CUÁNTO disfruté viendo al muy televisivo Juanra Bonet sobre un escenario, representando la adaptación del texto original de Ricky Gervais Animales. En la pequeña pantalla se intuye que es un superdotado a la hora de empatizar con el público. En el cuerpo a cuerpo, Bonet gana enteros con respecto al personaje que le toca representar en los platós. Es asombroso su dominio escénico. En sólo unos cuantos minutos, antes de iniciar el espectáculo propiamente dicho, en unas instrucciones para usuarios que ofrece gratis, fuera del precio de la entrada, ya es capaz de meterse al público en el bolsillo. Los instantes previos a la representación propiamente dicha dan una idea de lo que se avecina: un torrente de humor inteligente y mordaz, una enorme capacidad para reírse de lo políticamente correcto, y lo más importante, todo ello envuelto en bandeja de plata, con el saber estar de los grandes.

Porque poco tiene que ver lo que el actor muestra en Animales con un monólogo al uso, a pesar de que la escenografía se reduzca a un atril y una pantalla de proyección. Juanra Bonet se crece en lo sutil, en los pequeños detalles. Y es en las apostillas al guion propiamente dicho, en los comentarios, sonoros o sordos, en las muecas que anteceden o concluyen cualquiera de los gags verbales, donde el espectáculo va tomando cuerpo y adquiriendo grandeza.

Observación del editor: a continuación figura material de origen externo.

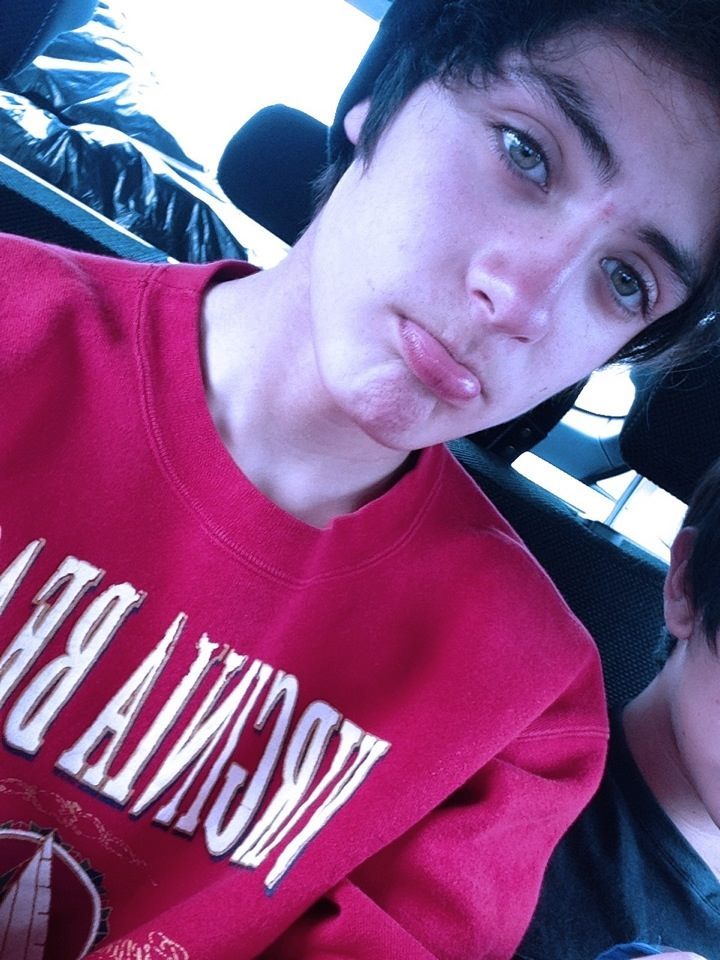 imagina-un-mundo-de-colores:  Mi Ap&lt;3 Camilo Elzo Ibarra&lt;3 *-* 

Todo es cuestión de intención. Y no hay ni un solo gesto, ni un solo apunte articulado por el actor que no la tenga. Así, poco a poco, como quien no quiere la cosa, Juanra Bonet se consagra como arquitecto de su propio humor, doce años después de su debut en Me lo dijo Pérez, con La Cubana. Rey de la comedia por la vía de la mirada inteligente. Casi nada.